Monseñor certificó en persona la locura de Nicolás, dando parte oficial y verídica de su incapacidad mental. Se quedaba tieso como una estatua, hablaba disparates. No era, de ninguna manera, la misma persona que llegó al poder apuntada por su majestad. De haber pronunciado una frase en latín le practicaban un ritual de exorcismo. El sufrimiento ya era delirio y perturbación. La barca navegaba, pero no había nadie girando el timón.
Su incapacidad mental fue declarada por el Cabildo de Caracas el 19 de noviembre de 1703. La misma noche en que, al quiebre de sus trances vespertinos en la ventana, decidió salir de su residencia, despojado de ropas, como dios lo trajo al mundo, para emprender veloz carrera en cueros y perseguir gritando a la gente que circulaba por la plaza mayor, convirtiéndose así el hermoso en el más horrible de los espantos coloniales.
Bastó aquel episodio para que acordaran mudarlo a La Guaira. Todo para ver si la brisa marina lo hacía entrar en sus cabales. De nada sirvió el hospedaje en el litoral. El sonido de las olas empeoró su mal causándole insomnio. Quienes lo cuidaron dicen que pasó casi una semana sentado viendo al mar, inmóvil, sin probar comida o bebida, negando la ingesta cada vez que le ofrecían bocado con un menear de la cabeza y sin pronunciar palabra. Cuando por fin pudieron tenderlo en el lecho estaba tan rendido y escaso de fuerzas que lo dieron por agonizante.
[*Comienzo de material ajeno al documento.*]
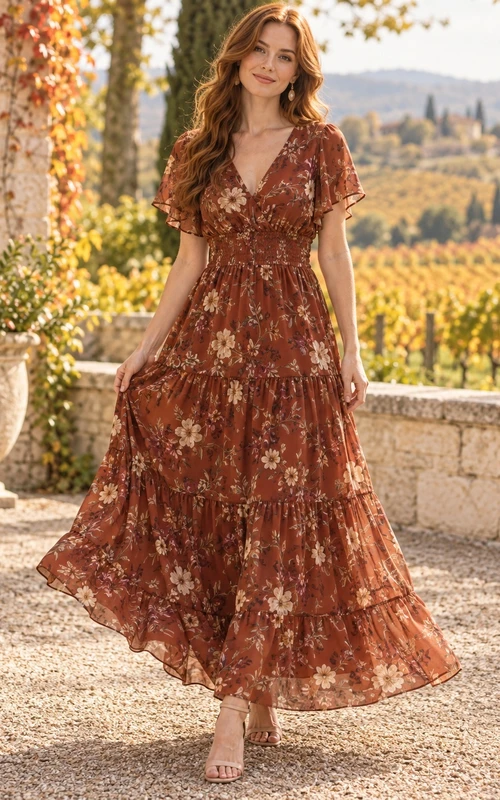 Brown Rust Floral Print A-Line V-Neck Flutter Sleeve Autumn Guest Dress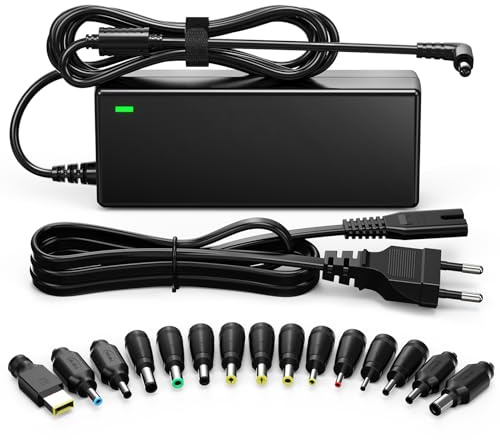 SUNYDEAL 90W Universal Netzteil Laptop Ladekabel Ladegerät für HP Lenovo ASUS Acer Dell Medion Charger 19V 19.5V 20V 4.74A Max AC Adapter mit 15 Stecker Ohne USB C -not for Asus ROG/Tuf Lenovo Legion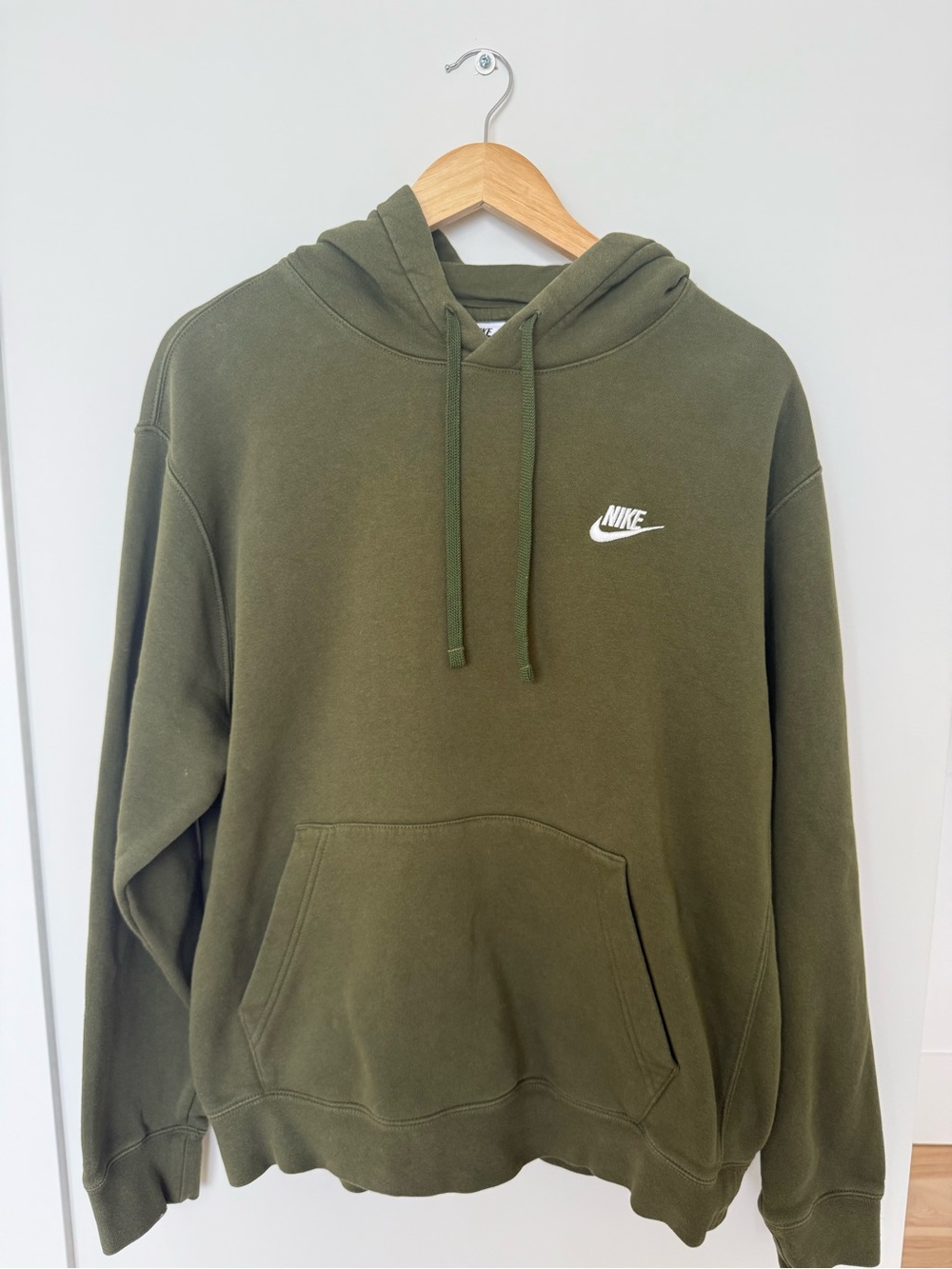 Nike Olive Green Pullover Hoodie with White Swoosh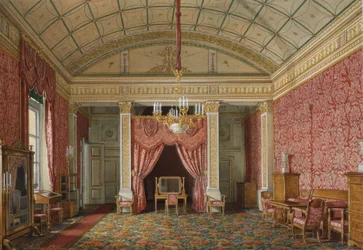 Interiores del Palacio de Invierno. El Primer Apartamento Reservado. El Dormitorio de la Gran Princesa María Nikoláyevna, 1867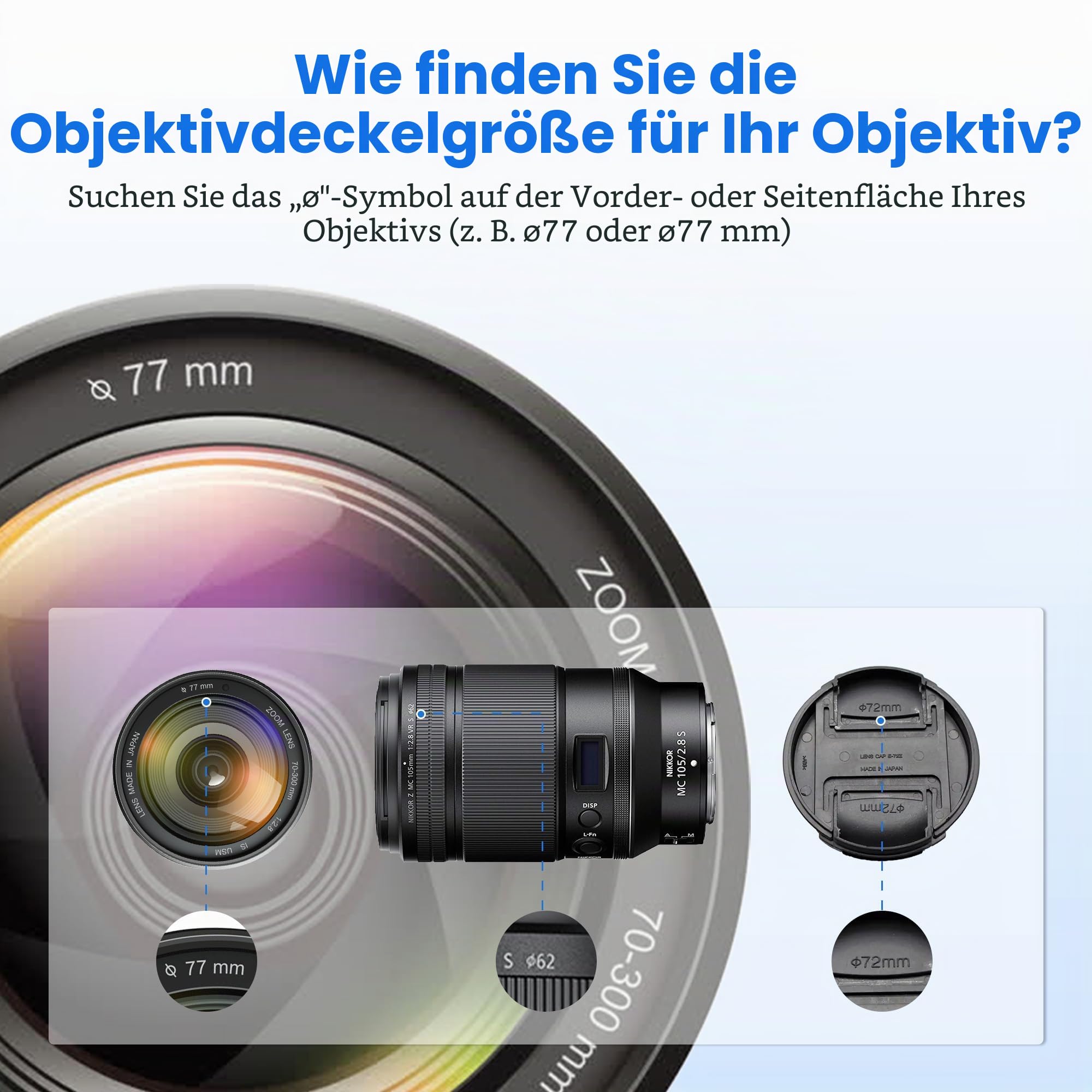 JJC 2 Stück Objektivdeckel 58mm für Canon EOS 2000D 1300D 1200D 850D 800D 760D 750D 700D 650D 600D 100D 200D 250D + 18-55mm Objektiv,Fujifilm XF 18-55mm/XC 16-50mm,Pana. Lumix 12-60mm/14-140mm 5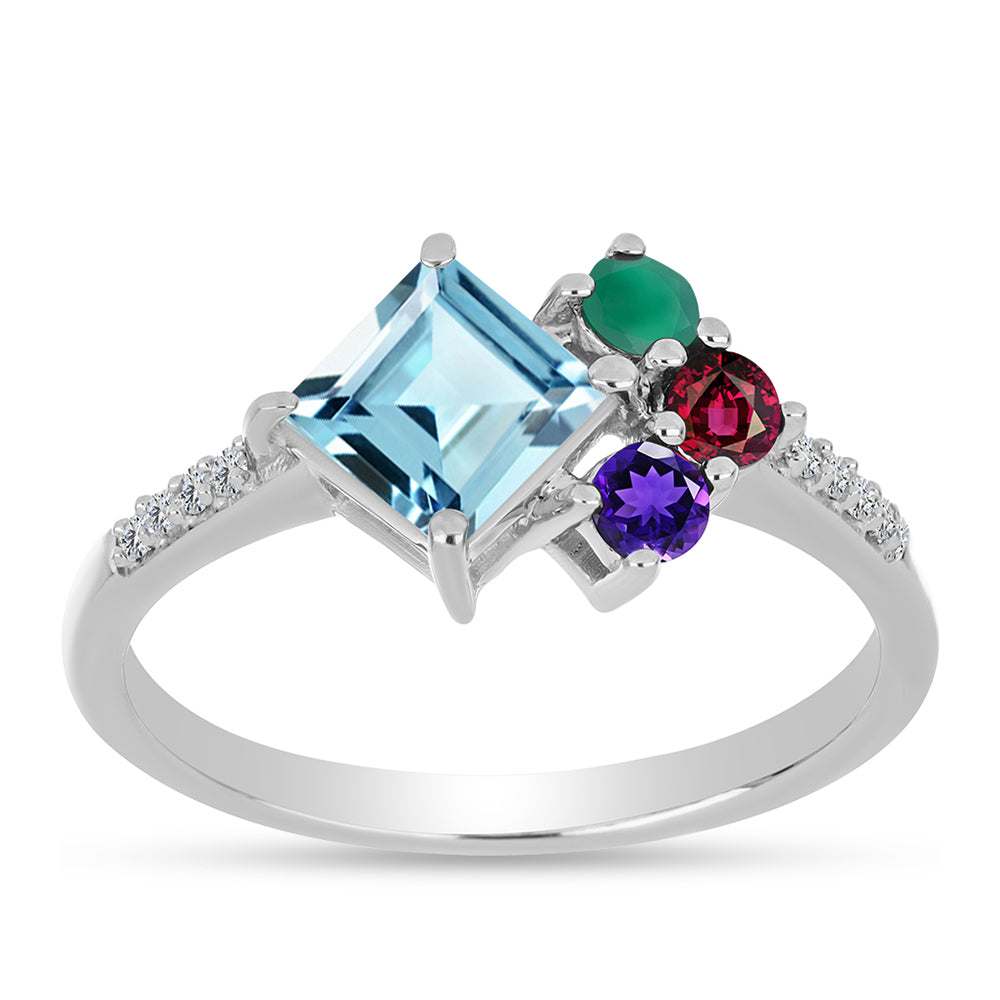 Anillo de Plata con Amatista de Marruecos y Ágata Verde 3 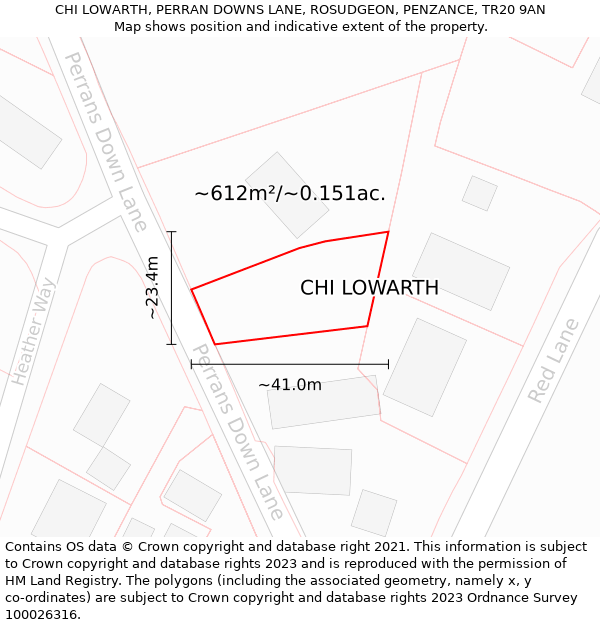 CHI LOWARTH, PERRAN DOWNS LANE, ROSUDGEON, PENZANCE, TR20 9AN: Plot and title map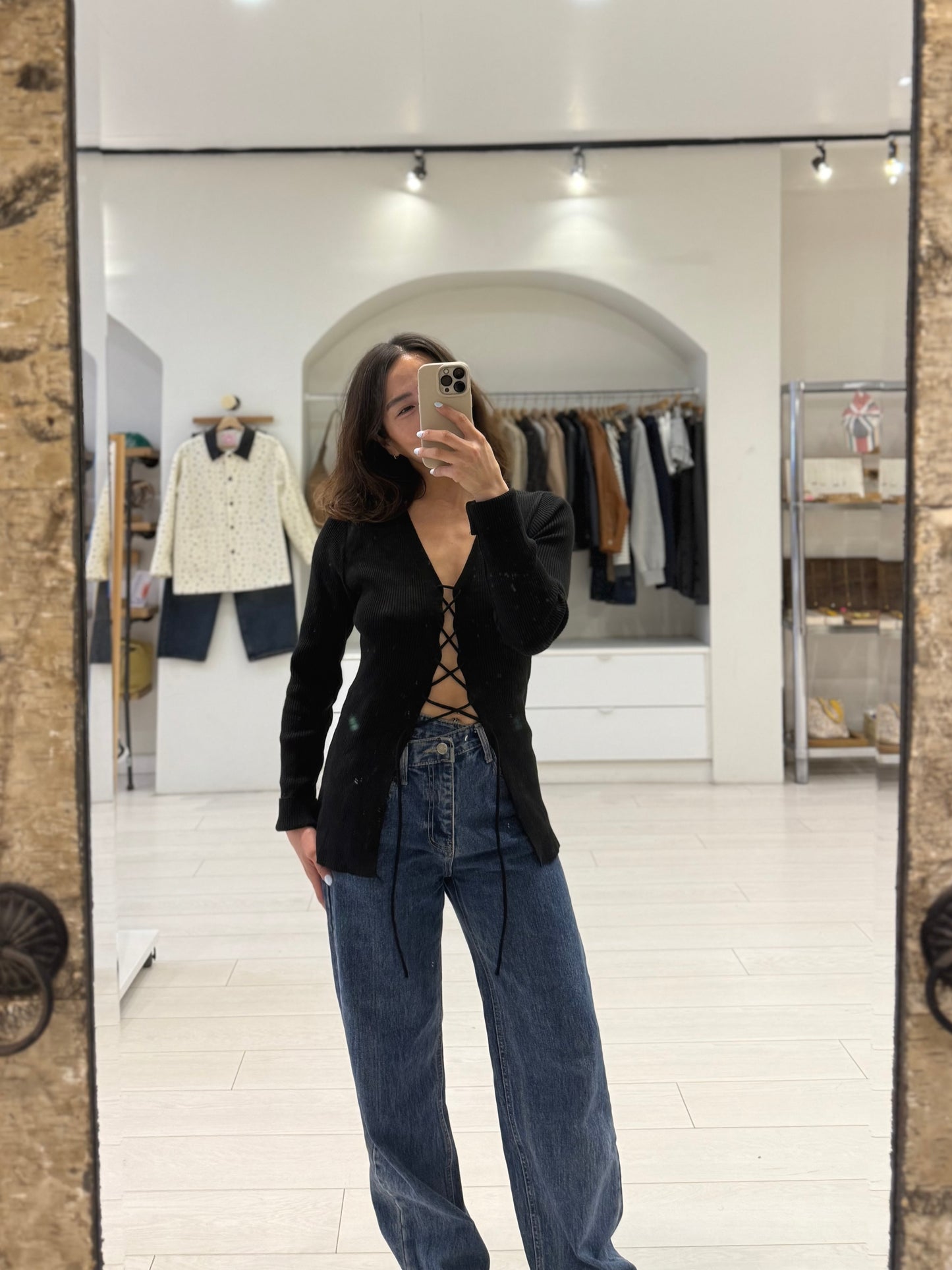 RACK Lace-up knit top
El relevo del cargo devengó en suspensión de su sueldo, el abandono de Isabel, su hija y los amigos, redactando corolario a la tragedia. Transcurrieron meses hasta que sus intimidades, observándolo enfermo, arruinado y en estado de indigencia, decidieron tender mano samaritana para prestarle ayuda.
Año y medio le duró la locura, interrumpida por breves lapsos intermitentes de lucidez que despertaban esperanzas de su curación, tan solo para verlo recaer una vez más en su aturdimiento. Se convirtió en una especie de muerto en vida, el atolondrado que todos querían sepultar en el cementerio.
El capitán Francisco Carlos Herrera, de quien las crónicas de la época exaltan su caridad, recibió al loco Nicolás en su casa, prestándole tanto esmero en su cuidado que hasta pensó el enajenado podía en algún instante recobrar la conciencia. Gran decepción.
Relató este a los amigos que un día que, justo antes de fallecer, mientras oscilaba entre el mundo real e imaginario, exhalando su último aliento, inquirió con agudeza sobre los aconteceres del gobierno.
Así culmina el cuento del loco Nicolás. Ese que, sin pena ni gloria, asignado por un monarca, resultó envenenado por un allegado y su alma perdida se fue al infierno arrastrada por Satanás.